By [citetheorem:8440], the irreducible finite-dimensional complex $G$-modules are, up to isomorphism, precisely the Specht modules $S^\lambda$ with $\lambda \vdash n$, and no two of these are isomorphic. Therefore there exist unique integers $m_\lambda \ge 0$ such that
\begin{align*}
A \cong \bigoplus_{\lambda \vdash n} (S^\lambda)^{\oplus m_\lambda}
\end{align*}
as left $A$-modules. It remains to prove that $m_\lambda=\dim_{\mathbb C}S^\lambda$ for every partition $\lambda \vdash n$.
[guided]
We introduce the abbreviations $G:=S_n$ and $A:=\mathbb C[G]$ so that the proof is a statement about the regular module of a finite group algebra. The left regular module is $A$ itself, with the action
\begin{align*}
A \times A &\to A
\end{align*}
\begin{align*}
(a,b) &\mapsto ab.
\end{align*}
The first structural input is Maschke's theorem. Its hypotheses are satisfied because $G=S_n$ is finite and the base field is $\mathbb C$, whose characteristic is $0$, so $\operatorname{char}(\mathbb C)$ does not divide $|G|$. Thus [citetheorem:8439] tells us that every finite-dimensional complex $G$-module is completely reducible. Since $A=\mathbb C[G]$ has basis $G$, it has complex dimension $|G|$, so it is finite-dimensional. Hence $A$ decomposes as a direct sum of irreducible left $A$-modules.
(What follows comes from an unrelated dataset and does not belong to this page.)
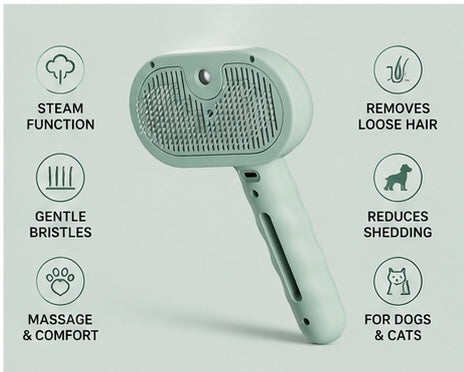 3-in-1 Pet Steam Brush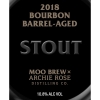 Moo Brew X Archie Rose Bourbon Barrel Aged Stout label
The second structural input identifies which irreducibles can occur. By [citetheorem:8440], the irreducible complex $S_n$-modules are exactly the Specht modules $S^\lambda$ indexed by partitions $\lambda \vdash n$, with no repetitions up to isomorphism. Therefore the regular module has a decomposition
\begin{align*}
A \cong \bigoplus_{\lambda \vdash n} (S^\lambda)^{\oplus m_\lambda}
\end{align*}
for some integers $m_\lambda \ge 0$. The only remaining task is numerical: compute each multiplicity $m_\lambda$.
[/guided]
[/step]
[step:Compute the multiplicity of an irreducible module in the regular module]
Let $V$ be an irreducible finite-dimensional left $A$-module. We prove that the multiplicity of $V$ in $A$ is $\dim_{\mathbb C}V$.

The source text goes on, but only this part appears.